Abstract
With the increasing demand for more sustainable energy sources and the decarbonisation of the transport sector, the development of energy storage systems has seen rapid growth in recent years. This growth is only set to continue with several governments all around the globe committing to limit the global temperature increase in this century to 2 degrees Celsius above preindustrial levels through the Paris agreement, further driving the need for the development of a sustainable energy system. Among several existing technologies, the supercapacitor has received increasing interest in the scientific community due to critical characteristics such as high-power densities and long cycle lifetimes, allowing the use of devices with stable performance into the 10 of thousands of cycles. However, supercapacitor devices still lack energy density capabilities compared to competing technologies in this field. An additional drawback of supercapacitor devices is their high self-discharge properties, which diminishes their ability to store energy for periods longer than a few hours; this limits the potential applications of these devices and refrains their broader use in the development of a clean energy infrastructure.

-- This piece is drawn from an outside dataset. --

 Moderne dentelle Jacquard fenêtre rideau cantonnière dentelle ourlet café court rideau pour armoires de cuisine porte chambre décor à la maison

In this thesis, the development of high charging power devices with low self-discharge properties was studied through the manufacture of novel separator materials, where the electrospinning of PVDF polymer tailored solutions into directionally-polarised and piezoelectric nanofiber films, consisting of a high proportion of electroactive β crystalline phases reaching levels of 38±0.5% of the total material. The use of these materials as separators in the correct dipole orientation is shown to provide a mechanism that introduces a reverse-diode behaviour within the device, such that it drops from an initial voltage of 1.6 V to 1 V after 10-hr, as opposed to 0.3 V with a non-polarised, commercial separator material. Thus, the energy retained for the polarised separator is 37% and 4% for the non-polarised separator, making supercapacitors a more attractive solution for long term energy storage.